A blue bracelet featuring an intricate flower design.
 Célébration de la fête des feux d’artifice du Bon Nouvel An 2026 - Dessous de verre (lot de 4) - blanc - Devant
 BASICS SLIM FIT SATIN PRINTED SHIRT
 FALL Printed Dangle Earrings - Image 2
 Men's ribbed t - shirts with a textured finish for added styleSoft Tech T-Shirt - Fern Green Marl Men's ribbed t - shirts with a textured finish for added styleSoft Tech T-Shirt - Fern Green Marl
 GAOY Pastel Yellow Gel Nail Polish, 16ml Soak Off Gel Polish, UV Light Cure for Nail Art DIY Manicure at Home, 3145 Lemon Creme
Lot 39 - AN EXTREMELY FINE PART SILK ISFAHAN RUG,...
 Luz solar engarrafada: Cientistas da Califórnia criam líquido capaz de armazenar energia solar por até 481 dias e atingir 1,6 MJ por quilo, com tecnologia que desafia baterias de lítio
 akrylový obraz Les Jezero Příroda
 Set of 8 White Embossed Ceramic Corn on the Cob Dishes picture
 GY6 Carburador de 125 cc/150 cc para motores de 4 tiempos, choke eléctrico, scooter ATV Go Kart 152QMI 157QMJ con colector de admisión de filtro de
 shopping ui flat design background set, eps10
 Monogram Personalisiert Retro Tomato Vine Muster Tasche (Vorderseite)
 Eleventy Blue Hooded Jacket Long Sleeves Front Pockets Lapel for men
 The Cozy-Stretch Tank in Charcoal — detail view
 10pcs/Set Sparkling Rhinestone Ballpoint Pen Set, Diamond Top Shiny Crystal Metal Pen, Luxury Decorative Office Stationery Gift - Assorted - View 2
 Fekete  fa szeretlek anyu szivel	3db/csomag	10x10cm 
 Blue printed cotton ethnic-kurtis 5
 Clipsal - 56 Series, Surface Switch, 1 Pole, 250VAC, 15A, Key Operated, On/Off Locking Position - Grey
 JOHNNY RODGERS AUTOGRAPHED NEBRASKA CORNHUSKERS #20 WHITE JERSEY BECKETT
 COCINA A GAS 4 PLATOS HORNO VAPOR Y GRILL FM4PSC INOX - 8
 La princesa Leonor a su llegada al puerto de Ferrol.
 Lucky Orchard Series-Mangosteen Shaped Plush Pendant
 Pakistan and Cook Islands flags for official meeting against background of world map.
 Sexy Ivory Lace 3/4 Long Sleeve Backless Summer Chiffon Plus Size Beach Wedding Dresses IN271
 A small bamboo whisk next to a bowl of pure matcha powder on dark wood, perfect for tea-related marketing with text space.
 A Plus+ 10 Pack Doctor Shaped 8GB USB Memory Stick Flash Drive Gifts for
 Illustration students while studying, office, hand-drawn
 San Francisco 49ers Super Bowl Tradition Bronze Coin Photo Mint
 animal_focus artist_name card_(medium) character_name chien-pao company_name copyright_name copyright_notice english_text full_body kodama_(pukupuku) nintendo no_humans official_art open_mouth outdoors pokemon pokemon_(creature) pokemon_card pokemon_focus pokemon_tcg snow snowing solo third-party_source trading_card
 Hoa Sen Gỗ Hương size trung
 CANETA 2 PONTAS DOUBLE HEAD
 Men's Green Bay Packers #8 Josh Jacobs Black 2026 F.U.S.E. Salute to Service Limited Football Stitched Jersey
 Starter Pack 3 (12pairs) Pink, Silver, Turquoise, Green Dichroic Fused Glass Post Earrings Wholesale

——————————

_ABOUT THIS TASK_
Restate, word for word and without additions, every line from the top of the listing above through the line that contains "akrylový obraz Les Jezero Příroda".

_RESPONSE TO THE EXERCISE_
A blue bracelet featuring an intricate flower design.
 Célébration de la fête des feux d’artifice du Bon Nouvel An 2026 - Dessous de verre (lot de 4) - blanc - Devant
 BASICS SLIM FIT SATIN PRINTED SHIRT
 FALL Printed Dangle Earrings - Image 2
 Men's ribbed t - shirts with a textured finish for added styleSoft Tech T-Shirt - Fern Green Marl Men's ribbed t - shirts with a textured finish for added styleSoft Tech T-Shirt - Fern Green Marl
 GAOY Pastel Yellow Gel Nail Polish, 16ml Soak Off Gel Polish, UV Light Cure for Nail Art DIY Manicure at Home, 3145 Lemon Creme
Lot 39 - AN EXTREMELY FINE PART SILK ISFAHAN RUG,...
 Luz solar engarrafada: Cientistas da Califórnia criam líquido capaz de armazenar energia solar por até 481 dias e atingir 1,6 MJ por quilo, com tecnologia que desafia baterias de lítio
 akrylový obraz Les Jezero Příroda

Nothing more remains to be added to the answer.